Japanese international law professor Yuji Iwasawa was elected a judge of the International Court of Justice in a simultaneous two-chamber vote at the United Nations on Friday.
Iwasawa, 64, fills a vacancy left by 85-year-old Hisashi Owada who retired on June 7. He will serve the remainder of Owada’s nine-year term, which runs until Feb. 5, 2021.
“I want to dedicate myself to the promotion of rule of law, making use of my past experience,” Iwasawa told reporters after his unopposed candidacy won support from 184 members of the 193-strong General Assembly and all 15 Security Council members.
Iwasawa, currently a professor of international law at the University of Tokyo graduate school, is the fourth Japanese to serve in world court in The Hague, the Netherlands.
He has chaired the U.N.’s Human Rights Committee and served as a judge for the Asian Development Bank’s administrative tribunal among other high-level international roles.

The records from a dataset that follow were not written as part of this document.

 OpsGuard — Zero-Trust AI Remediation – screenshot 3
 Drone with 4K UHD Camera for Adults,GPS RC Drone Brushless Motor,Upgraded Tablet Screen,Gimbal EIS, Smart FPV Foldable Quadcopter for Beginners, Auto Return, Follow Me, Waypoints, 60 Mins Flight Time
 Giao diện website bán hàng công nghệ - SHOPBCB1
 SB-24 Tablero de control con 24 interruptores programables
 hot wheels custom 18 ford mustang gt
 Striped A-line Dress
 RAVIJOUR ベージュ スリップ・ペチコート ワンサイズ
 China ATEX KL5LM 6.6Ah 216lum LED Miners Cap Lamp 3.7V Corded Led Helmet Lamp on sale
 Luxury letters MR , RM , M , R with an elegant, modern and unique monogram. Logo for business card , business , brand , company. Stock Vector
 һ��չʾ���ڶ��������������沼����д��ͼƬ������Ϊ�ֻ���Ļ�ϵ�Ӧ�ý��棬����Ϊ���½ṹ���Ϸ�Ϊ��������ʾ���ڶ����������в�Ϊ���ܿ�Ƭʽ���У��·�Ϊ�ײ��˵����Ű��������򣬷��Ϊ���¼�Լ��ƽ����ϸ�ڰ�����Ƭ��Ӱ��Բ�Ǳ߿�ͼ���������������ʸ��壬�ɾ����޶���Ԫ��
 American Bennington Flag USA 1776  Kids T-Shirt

Owada, father of Japanese Crown Princess Masako, is a former diplomat who served as Japan’s vice foreign minister and ambassador to the United Nations.
During his 15-year service in the ICJ that began in 2003, Owada served as chief of the world court between 2009 and 2012, becoming the first Japanese to do so.
The ICJ is composed of 15 judges elected to nine-year terms, with no two judges of the same nationality allowed to serve at the same time.
The court is the principal judicial organ of the United Nations, functioning to settle disputes between member states and present advisory opinions which carry weight.